Entertainer, Inc. v. Duffy

Decision Date10 May 2012
Docket NumberNo. 11–766.,11–766.
PartiesThe ENTERTAINER, INC., and Charles E. Wells, Appellants v. Cory DUFFY, Appellee.
CourtArkansas Supreme Court

OPINION TEXT STARTS HERE

James W. Harris, Hoskins & Harris, P.A., Blytheville, for Appellants.

Tony L. Wilcox, Wilcox, Parker, Hurst & Lacy, Chris A. Averitt, Jay Scholtens, Scholtens & Averitt, PLC, Jonesboro, for Appellee.

KAREN R. BAKER, Justice.

Appellants, The Entertainer, Inc., and Charles E. Wells (sometimes referred to collectively as appellants), appeal from orders of the Mississippi County Circuit Court in a personal-injury action filed against them by appellee Cory Duffy. On appeal, appellants assert that they are entitled to a new trial because their attorney abandoned them and failed to comply with Rule 64, that The Entertainer should not be responsible for the $10,000 attorney-fee award, that The Entertainer is immune from suit and thus the circuit court lacked subject-matter jurisdiction, and that there is not a basis for an award of punitive damages to Duffy. The Arkansas Court of Appeals certified this case to us, stating that the issues presented concern the power of this court to regulate the practice of law. Accordingly, our jurisdiction is pursuant to Arkansas Supreme Court Rule 1–2(a)(5) and (d) (2011). We affirm.

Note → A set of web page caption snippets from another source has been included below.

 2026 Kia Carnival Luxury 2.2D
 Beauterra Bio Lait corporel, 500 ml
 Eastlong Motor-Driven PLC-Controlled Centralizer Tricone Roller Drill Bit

On November 30, 2009, appellee filed a complaint alleging that on February 28, 2009, he was shot twice while standing outside The Entertainer waiting for a taxi. Appellee named as defendants The Entertainer, an Arkansas corporation with its primary place of business in Mississippi County, and Wells, the alcohol-permit holder. The complaint averred that there had been numerous shooting incidents at The Entertainer, that The Entertainer's alcohol permit had been suspended, and that it had been fined due to shootings, stabbings, and fights. Further, appellee alleged that appellants were aware that intoxicated, unruly, and violent patrons had caused damage to other innocent patrons, such as himself, and failed to have adequate policies and procedures and security on hand to protect the patrons. Appellee asserted claims for breach of high duty of care, negligence, negligent hiring, negligent retention, and negligent supervision and training. In addition, appellee sought punitive damages claiming appellants' actions were willful and wanton, and committed with a reckless disregard of the consequences.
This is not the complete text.